When I was eighteen I spent a summer living in an abandoned shepherd’s hut on a hillside overlooking the Libyan sea in southern Crete, near the tiny village of Keratokambos. Reading outside one evening, I heard an exchange of voices. In the near distance, some way above me, a man and a woman were calling to each other, each voice lifting with a strange and powerful vibrancy across the gorge that lay between one flank of the mountain and the next. Only the nearer figure, the man, was visible, and his voice seemed to rebound off the wall of a chasm, half a mile away. The woman remained out of sight, but her voice likewise drifted across the gorge, with crystalline clarity. There were perhaps a dozen exchanges: and then silence. I listened, spellbound. And that brief exchange, that shouted conversation, with its strange sounds, the tension between the voices, the exhalations and long vowels echoing off the sides of the mountain, would haunt me for years, haunts me still. They seemed to me to be speaking across time, that man and woman. Their ancestors, or possibly they themselves, had been having that conversation, exchanging those same sounds, for millennia.
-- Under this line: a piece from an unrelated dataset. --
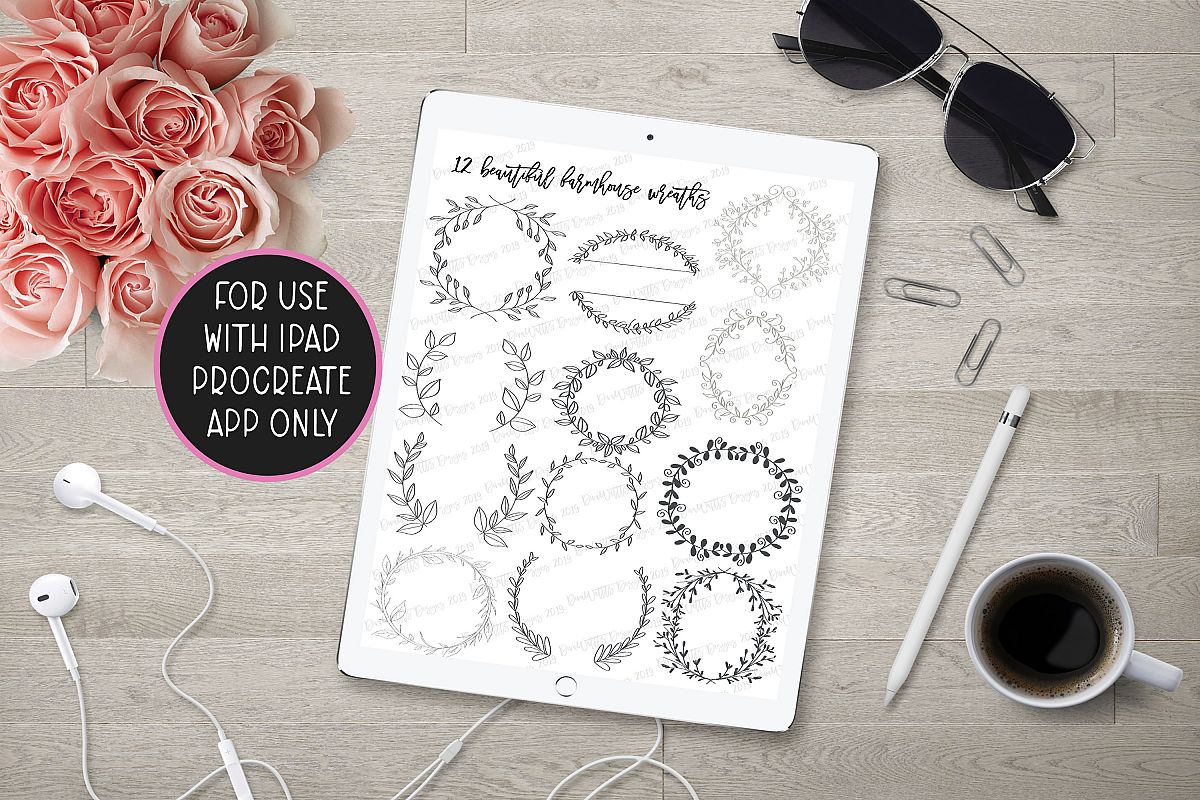 Procreate Farmhouse Wreath Bundle of 12 Stamps and Bonus example image 1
It was, for me, a lesson in the durability of human culture and at the same time, the incredible fragility of our lives; the conversation, the calling across the chasm, represented our ultimately solitary and unique chance at communication with a presence beyond ourselves. It was the vocal correlative of a strange sensation that I had experienced since first arriving in Crete: everywhere I went I was walking on bones, walking on the bones of the dead; and now I was hearing the echo of their voices as well.
In ‘Ionic’, translated more recently by Daniel Mendelsohn as ‘Song of Ionia’, Cavafy sums up an exemplary moment, suggesting that despite the destruction of their monuments and statues, the old gods still dart among the hills on the coast of Ionia (today’s western Anatolia), and it concludes with the lines:
When an August morning dawns over you,
your atmosphere is potent with their life,
and sometimes a young ethereal figure
indistinct, in rapid flight,
wings across your hills.
Here, the ‘young ethereal figure’ is surely Hermes. He is, after all, the winged god, and the god of transition and boundaries, and therefore more than likely to be seen at dawn, in the breach between night and day. Perhaps the Hermes association is personal, owing to the fact that in my experience, Hermes, god of travellers, was almost always the one who came to sort out the mess after Dionysos had wreaked his havoc. It seems likely, according to Daniel Mendelsohn’s wonderfully thorough notes that Cavafy, too, was thinking of Hermes, although I did not know this when I first read the poem.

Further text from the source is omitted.